*** Opening of EXERCISE INPUT ***

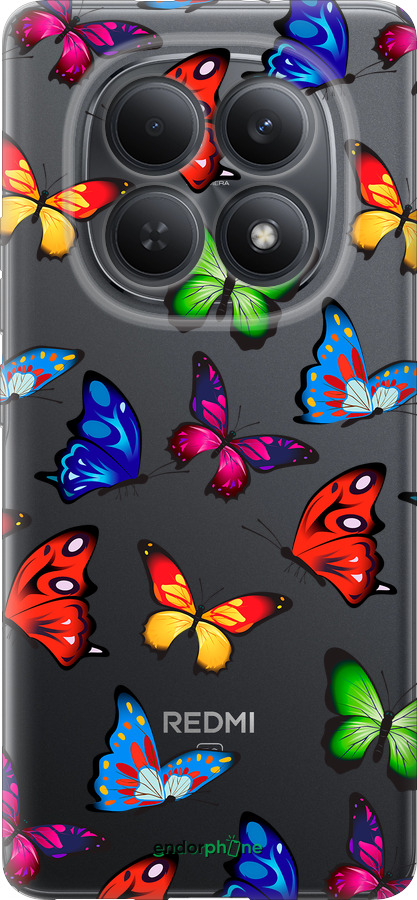 Силиконовый чехол Красочные мотыльки для Xiaomi Redmi Note 15 5G - 4761u-4155 изображение 
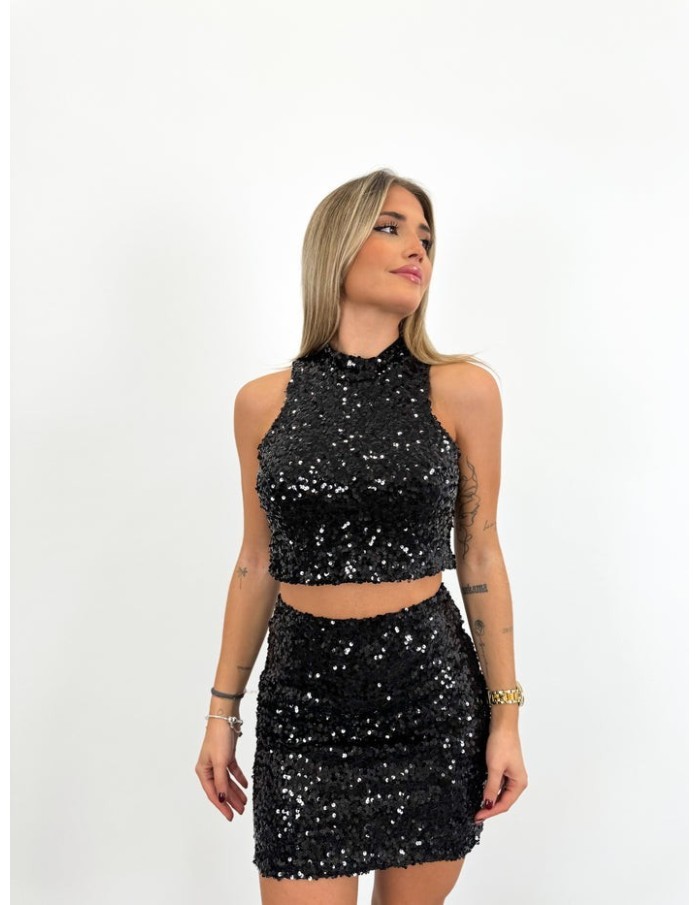 MINI JUPE NOIRE À sequins femme - Accueil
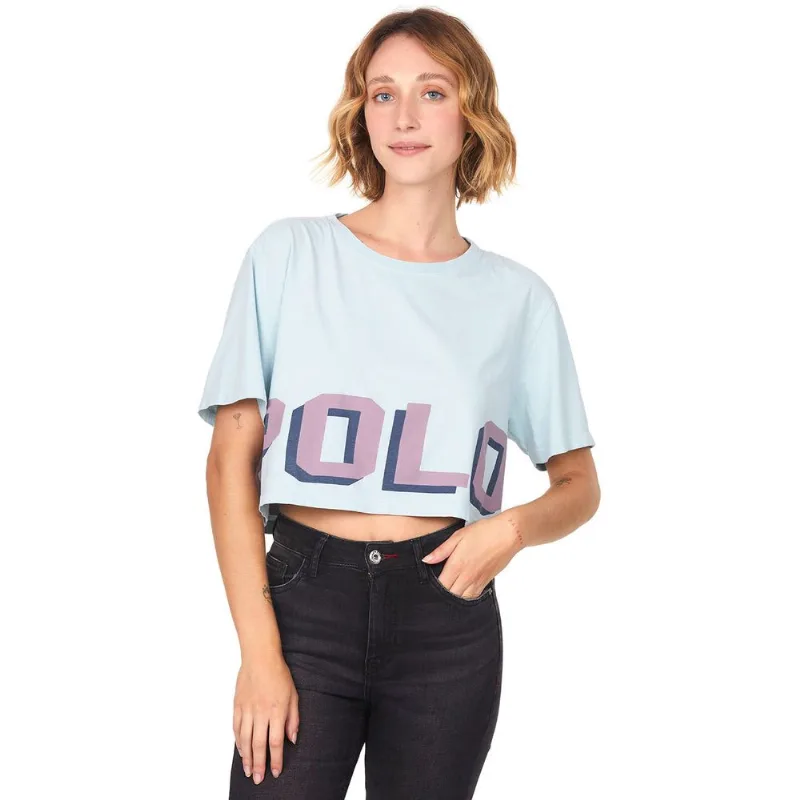 Camiseta Feminina Cropped Polo Wear Azul Claro GG
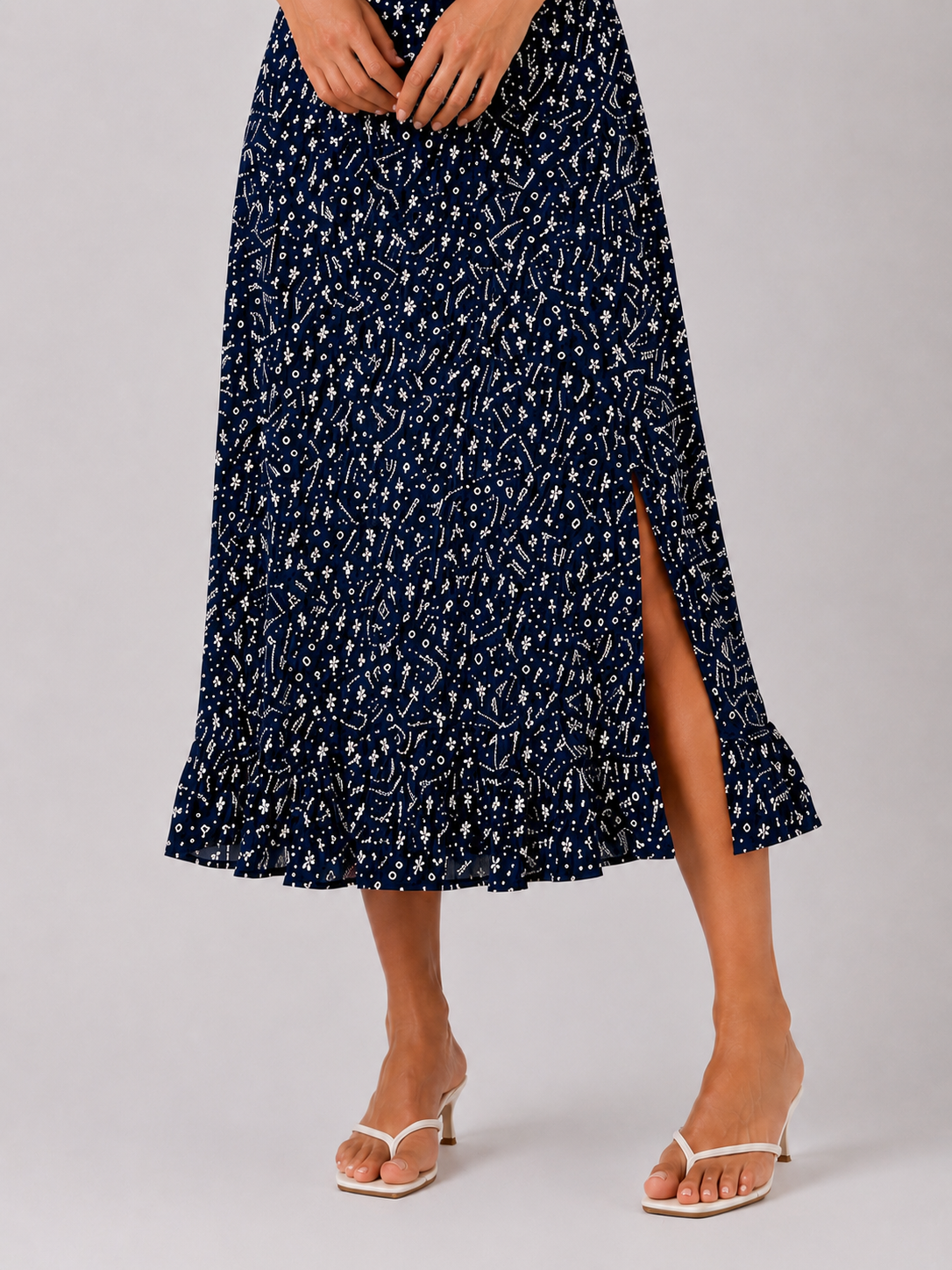 Long navy blue floral dress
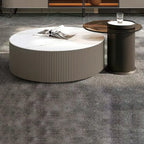 White Drum Round Wood Coffee Table with Storage
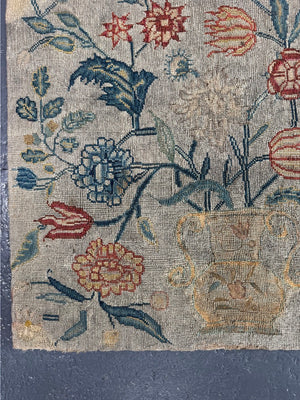 English antique tent stitch embroidered picture (38 x 45cm)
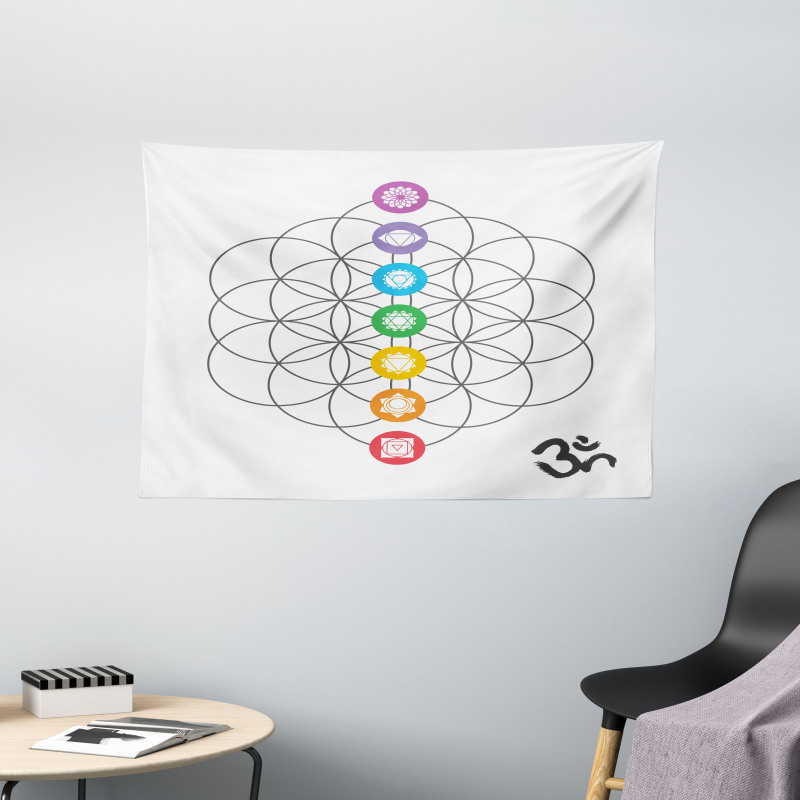 Chakra Point Rings Wide Tapestry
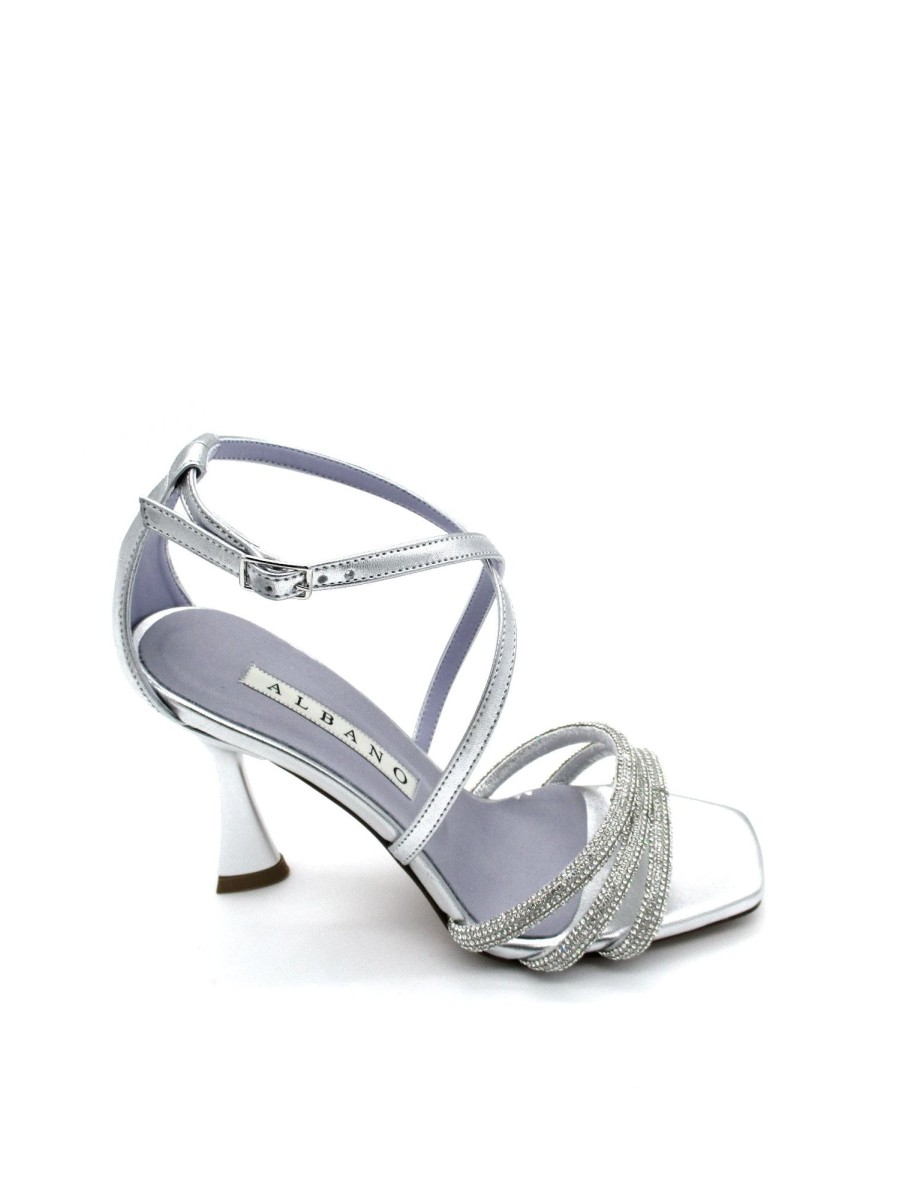 Calzature Albano | Sandalo Donna 3216 Albano Metallizzato Argento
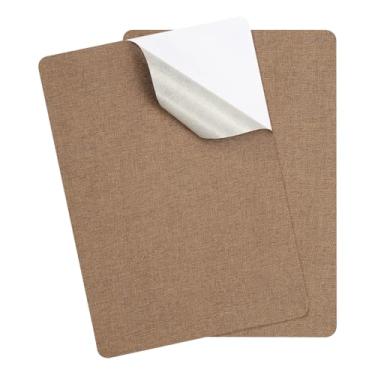 Imagem de PATIKIL Remendos de reparo de linho de 20 x 28 cm, 2 peças de remendo de tecido autoadesivo para sofás, bolsas, móveis, assentos de carro, roupas, tendas, marrom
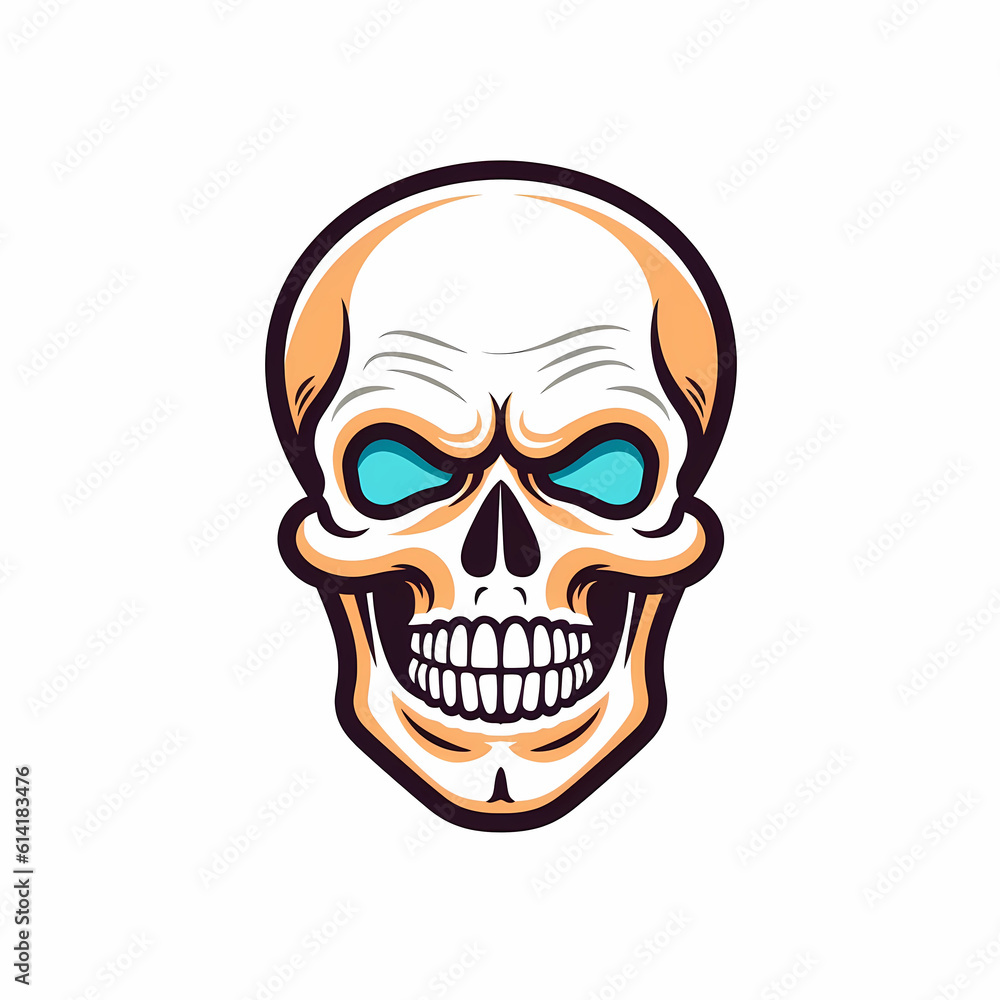 Skull logo illustration, Generative AI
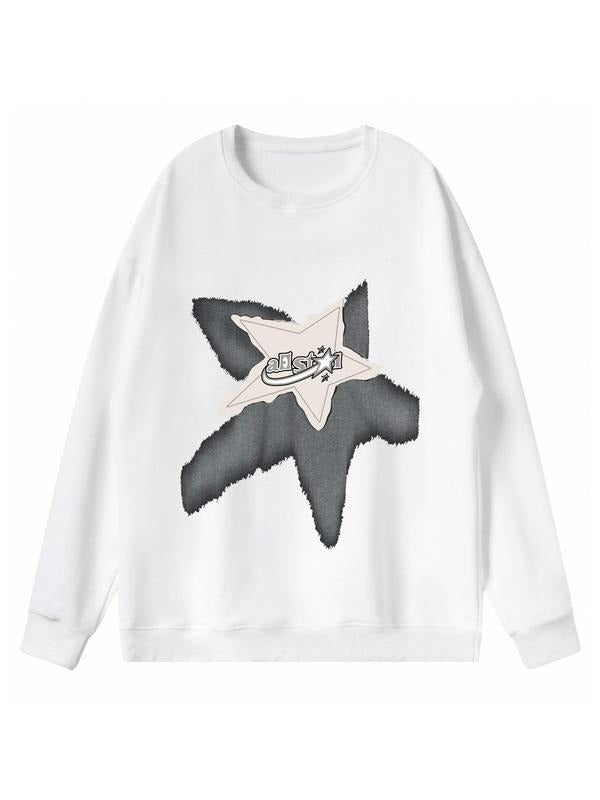 Women'WB shield Lightsaber brand Print Drop Shoulder Sweatshirt, Casual Street Long Sleeve Round Neck Pullover For Spring...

*** Close of EXERCISE INPUT ***

I would like the exact lines from the data above, starting with the one that holds "English antique tent" and going on through the one that holds "Skull logo illustration, Generative AI", without the pictures.

 English antique tent stitch embroidered picture (38 x 45cm)
 Chakra Point Rings Wide Tapestry
 Calzature Albano | Sandalo Donna 3216 Albano Metallizzato Argento
 Imagem de PATIKIL Remendos de reparo de linho de 20 x 28 cm, 2 peças de remendo de tecido autoadesivo para sofás, bolsas, móveis, assentos de carro, roupas, tendas, marrom
 Skull logo illustration, Generative AI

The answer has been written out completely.